Australian Newspapers Black Out Front Pages
On Monday, almost every newspaper in Australia came out with most of the front page blacked out. The papers were protesting the limits the government has put on reporters and news groups in Australia.
The papers believe that the government has been treating news groups unfairly in order to protect its own secrets. Earlier this year, police raided the house of a reporter and the offices of ABC (the Australian Broadcasting Corporation). Now three reporters could go to jail for trying to report news that the government didn’t want people to know about.
In recent years, Australia has added many laws that limit or punish reporters. The news groups want these laws changed. Unlike some other countries, Australia’s laws do not promise that news groups will always be able to speak freely.

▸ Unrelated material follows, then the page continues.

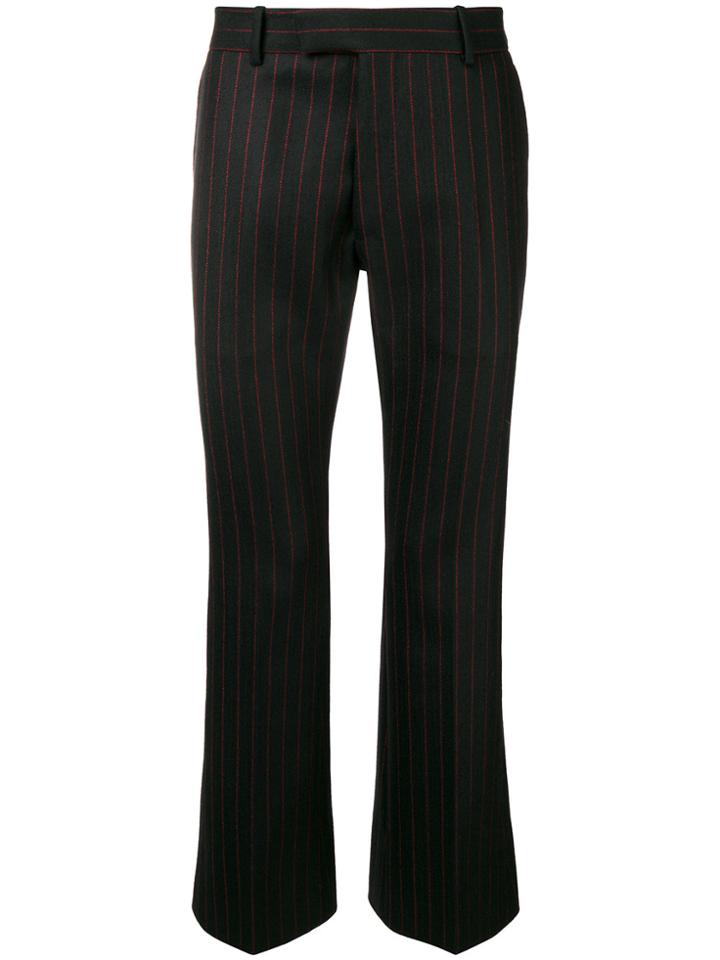 Alexander Mcqueen Pinstriped Flared Trousers - Black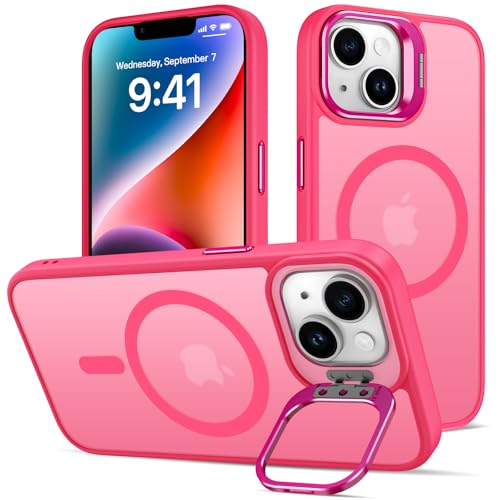 nicekool Hülle für iPhone 14/13 mit Ständer, Kompatibel mit Magsafe Integrierter Versteck Kameraständer Handyhülle Stoßfest Schutzhülle Cover Durchscheinend Matt Schutzhülle Case, Rot von nicekool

Japan’s Emperor Takes the Throne
On Tuesday, Japan’s Emperor Naruhito declared himself the emperor (king) of Japan. Though Naruhito officially became the emperor in May, the complicated ceremony of “ascending” (going up to) the throne was an important formal part of becoming emperor.
The ceremony is meant to help introduce the new emperor to the people. Around 2,000 special guests from around 180 different countries were allowed to watch.

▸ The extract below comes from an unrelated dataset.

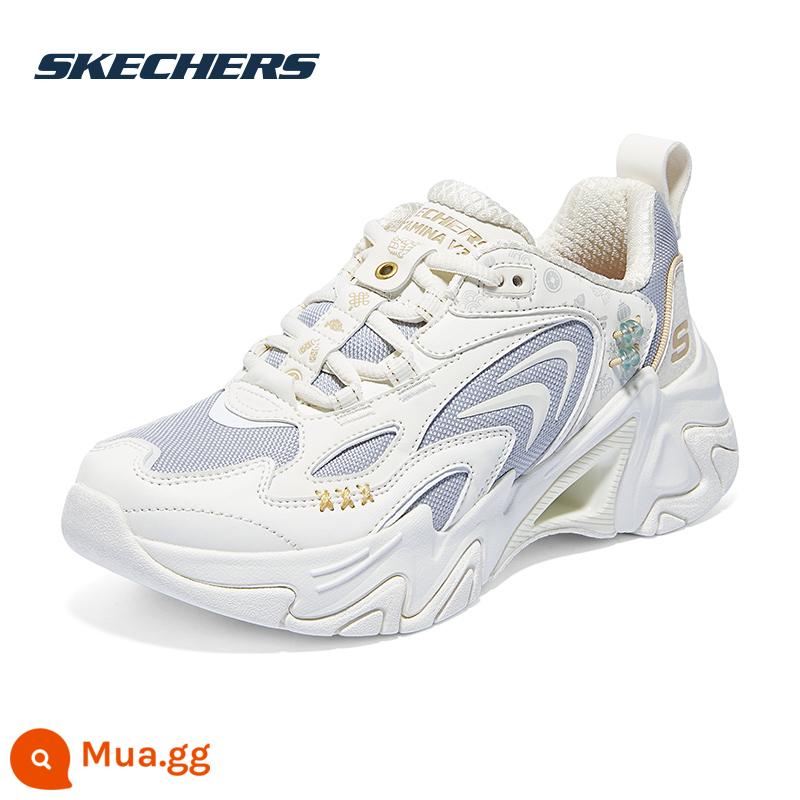 Giày SKECHERS Mùa Thu Đông Nữ Plus Nhung Giày Thể Thao Bánh Tuyết Giáng Sinh Giày Bố Giày Panda Giày Nữ Cotton giày Giày Thường - Rồng tốt lành/Mô hình năm mới/Năm con Rồng Limited/Trắng sữa/Xám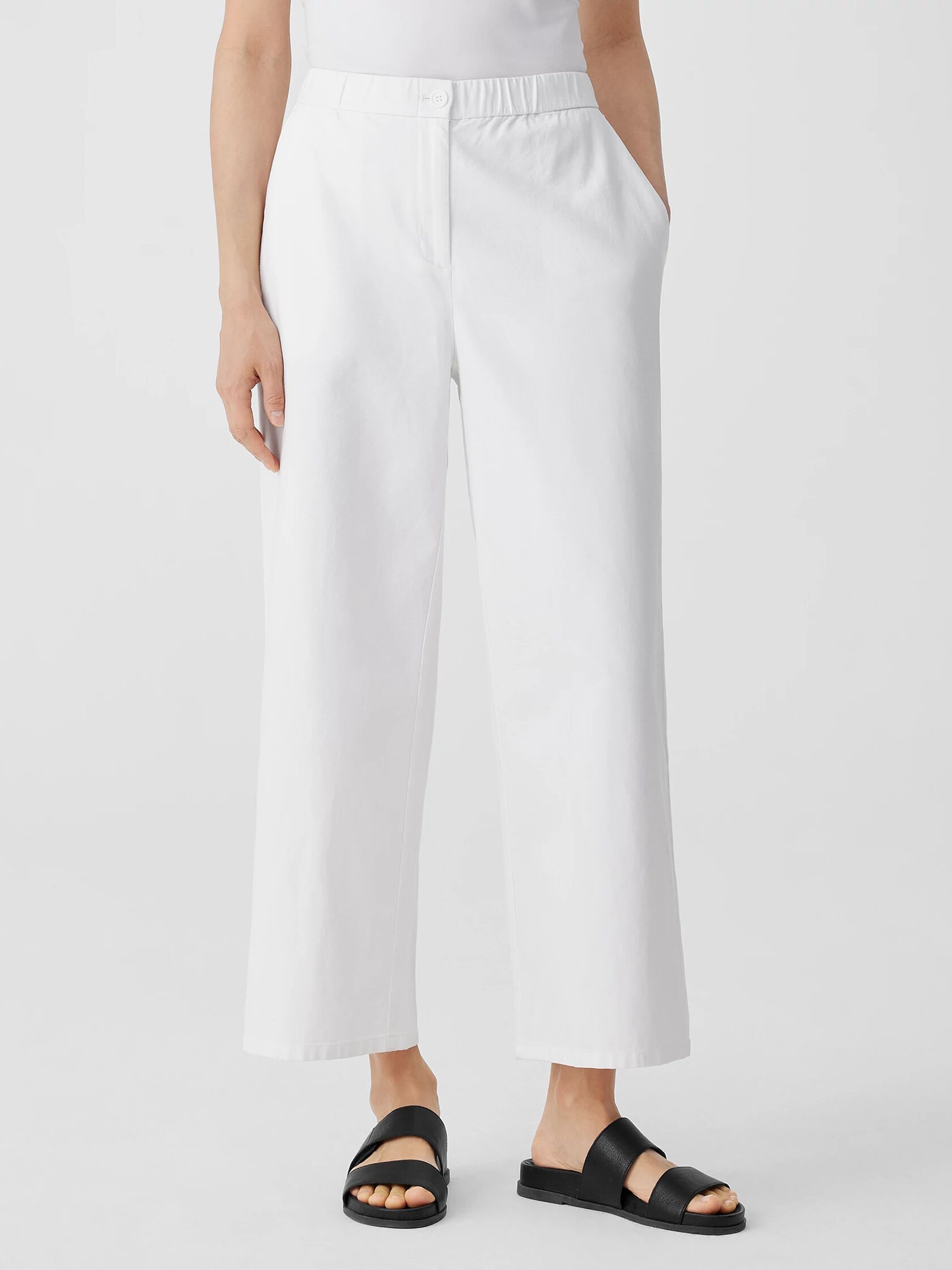 Cotton Hemp Stretch Wide-Leg Pant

During the ceremony, Naruhito said he would carry out his responsibility to Japan and to its people. At the end, Japan’s prime minister, Shinzo Abe congratulated the emperor and led the crowd, cheering “Banzai!” three times. (Banzai means 10,000 years.)
Scientists Get an Earful from the World’s Loudest Bird
What’s louder than a chainsaw or a clap of thunder? One possible answer is the white bellbird of Brazil, the world’s new loudest bird. Until recently, the world’s loudest bird was thought to be the screaming piha. But the male white bellbird is three times as loud.

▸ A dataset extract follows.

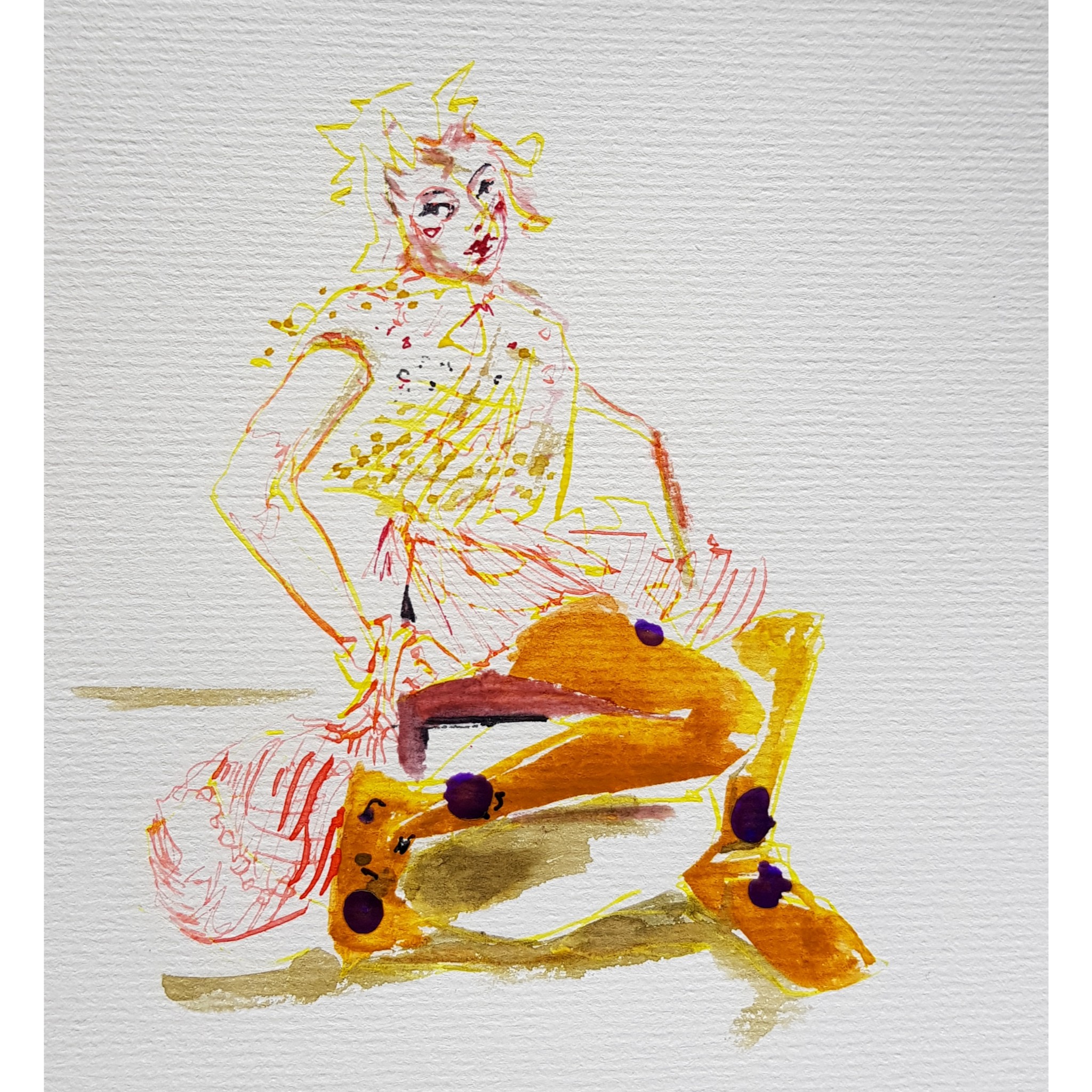 Robert - Ochre Tights, watercolour and ink, 21 x 15cm,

Scientists used very special equipment to measure the strength of the call. It was 125.4 decibels. Decibels are a unit used to measure the loudness of sounds. Sounds above 110 decibels are usually too painful for most humans to listen to – and sound volume doubles for every three decibels you add.
The white bellbird’s call is very short, but it sounds like a fire alarm. Its loudest call is its mating call – the one that a male uses to attract a female. The male begins singing facing away from the female, but then it turns and blasts the very loudest part of its song right at her.
The scientists aren’t sure whether the calls damage the female’s hearing or not.